Because my Aunt lives in her funeral home, when I was young and would visit her she would take me into the Chapel and let me look at her guest who was renting the room for the night. My dad kind of thought it was funny. I kind of thought it was neat. If you ever wanted to know the source of my “funeral-ness” look no further than these two. They messed me up for life. But seriously, I also don’t think I could thank them enough.
I think I was six, when my mother’s best friend’s father died. I never knew the guy. I just remember crying because I wanted to go to the funeral and she wouldn’t let me. My mom told me that funerals weren’t happy, and I’d have to go to plenty of them in my lifetime. Mama knows best, you know. But it was too late. That’s so sad if you think about it. I was so young, it’s like I never had a chance. I wanted to be around the funeral home. I couldn’t quite grasp the total concept of death, but seeing a body lying in the casket, that was normal. I saw that all the time. I also never knew the dead people, so I never had the grief aspect. That made it easy for me. My grandfather passing away was my first real interaction with death. I was twelve. I was there when he was dying. I didn’t know it at the time. Studying Embalming in school eight years later I was able to realize it. I literally witnessed his body shutting down. I wasn’t there when he took his last breath. I’m thankful for that. It was so uncomfortable for me, to be there when he was so close to the end. But I was able to be there. I fully believe that my contact with the funeral home prior to this experience allowed me to have some final moments with him. After all, I was only twelve.
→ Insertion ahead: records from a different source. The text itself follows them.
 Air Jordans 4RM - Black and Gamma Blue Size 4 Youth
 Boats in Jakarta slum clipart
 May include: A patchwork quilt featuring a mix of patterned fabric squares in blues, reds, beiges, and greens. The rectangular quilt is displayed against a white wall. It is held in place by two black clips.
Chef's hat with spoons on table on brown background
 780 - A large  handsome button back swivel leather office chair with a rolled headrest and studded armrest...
When I saw him in his casket. That was familiar. I sometimes wonder how I would have reacted if it wouldn’t have been so familiar. Would I have been able to be in the room for the wake? Would I have been able to be there at all? I don’t know. I’ll never know.
I have an older brother. He doesn’t like dead people or funeral homes. He also never visited my Aunt’s guests like I did with my father. I think that says a lot. I fully one hundred percent believe that children should come into the funeral home no matter what age. I hate when parents try to shelter them from death. It’s a part of life. That’s like sheltering them from the rain. It happens. It’s going to continue to happen. You can’t stop it. Death isn’t a bad thing, you know. It’s just a sad thing. I believe that by allowing children to come into the funeral home and physically seeing a dead person, well that’s just going to help them. Because one day, that child is going to be an adult. And they are going to lose people they love. You don’t want them to be that awkward adult in the funeral home, do you? With nothing else to offer a grieving family other than “I’m sorry”. Or even worse. By not being allowed at a young age to experience death, have no idea to even approach it when they lose someone. Not even being able to make arrangements, or acknowledge it. Denial is no fun.
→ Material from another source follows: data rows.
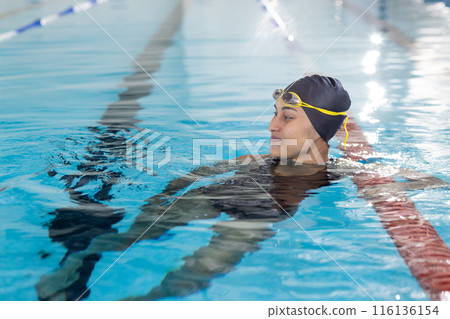 Young biracial female swimmer resting at pool edge indoors, wearing goggles 116136154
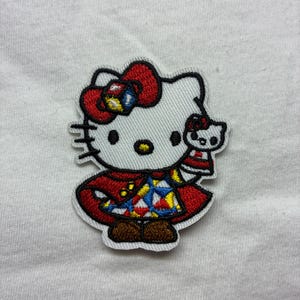 Peut inclure: Écusson brodé représentant un personnage de chat blanc avec un nœud rouge, tenant une version miniature de lui-même. Le chat porte un manteau rouge avec un motif géométrique coloré et des chaussures marron. L'écusson a une bordure blanche.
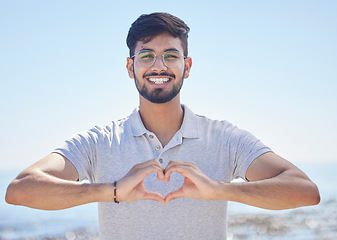 Image showing Beach portrait and a man heart hand for summer holiday freedom, happiness and wellness. Happy Indian person enjoying ocean sun with love shape and optimistic smile for travel adventure.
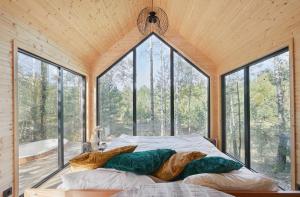 a bedroom with a bed in a room with windows at Forestic Lietuva in Vilionys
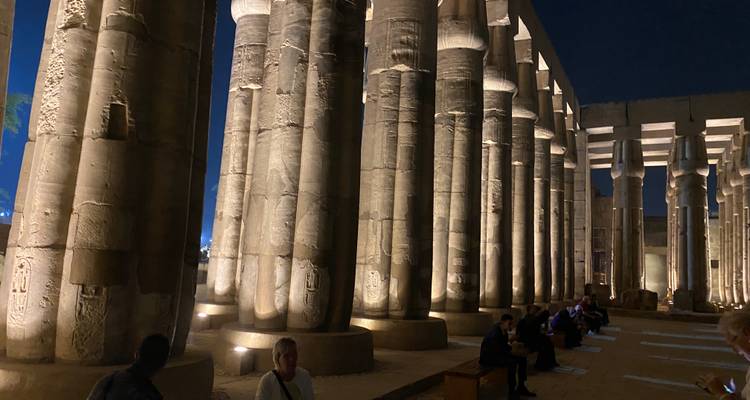 Colonnes bien éclairées d'un temple antique la nuit avec des personnes assises.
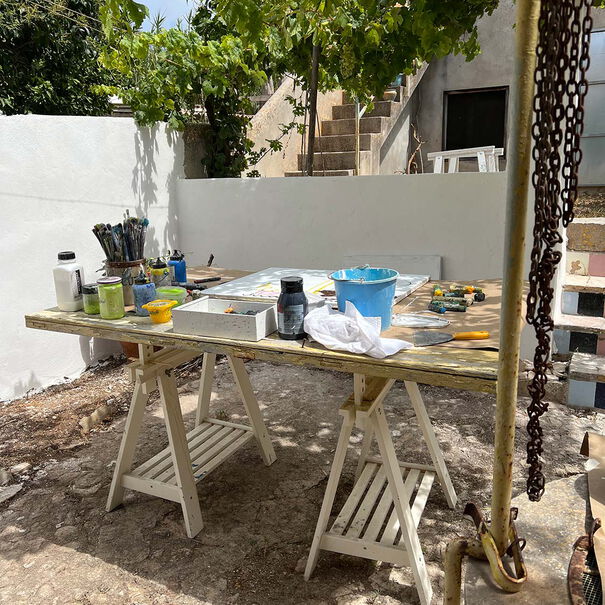 Paints, brushes and canvas are on a jacked-up wooden board outside with other tools.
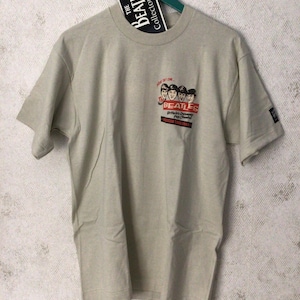 May include: A beige t-shirt with a Beatles graphic and the text "The Beatles British Invasion Pop Concert American Tour 1964". A black tag with "The Beatles Collectors Series" is attached to the collar.
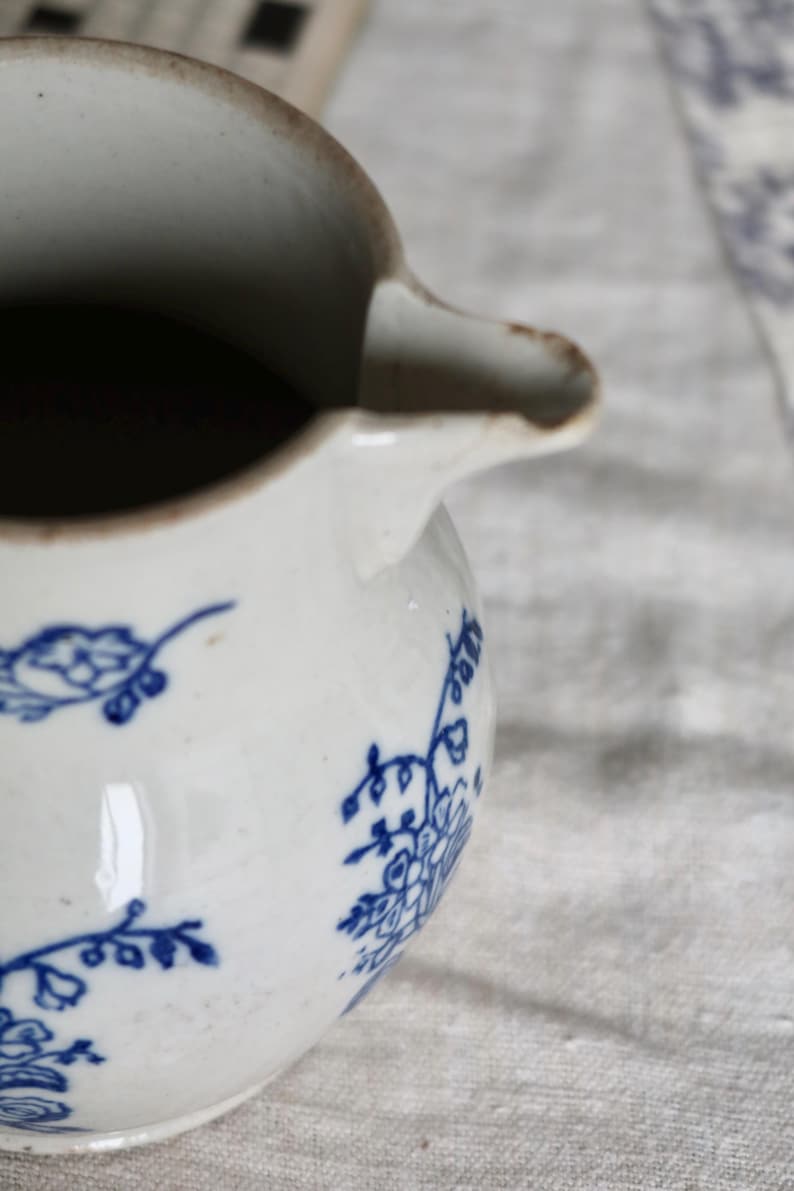 Puede incluir: Una jarra de cer&aacute;mica blanca con dise&ntilde;os florales azules. La jarra tiene un pico y un asa. El interior es oscuro. La jarra est&aacute; sobre una superficie de color claro.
Now, after saying what I’ve said I have one more thing to add. Parents, you need to watch your children and teach them respect and how to act in a funeral home. It is not a playground. Funeral Directors are not babysitters. This means that you do not bring your children with you, shove them into a room where no one is and go and socialize with your friends. Because your children will become animals. They will run around and be loud. They will push all of my buttons until I yell at them, and I don’t like to yell. Tell them what a funeral is. Tell them it is a quiet place, and a sad place, but also a happy place. It’s sad because we’re separated from someone we love, but it’s happy because we can remember all the good times we’ve had with them. You don’t yell in a funeral home and you don’t run. You show respect and if Aunt Ann wants to kiss your check you let her and you smile. If they want to touch the deceased let them. Don’t tell them they’re sleeping. Be honest. If you do all of these things you will prepare them more than you know. They will thank you. I thank my father for thinking it was funny that I wanted to see a dead person. I thank him for encouraging me to see them. I thank my Aunt for living in her funeral home and making seeing a dead person a fairly easy event. If they never did that I might not have gone to mortuary school. If I never went to mortuary school I would have never have all these insightful ideas. If I never had all these insightful ideas I’d never have a blog. Admit it, you’d be a little sad if there was no Little Miss Funeral, wouldn’t you?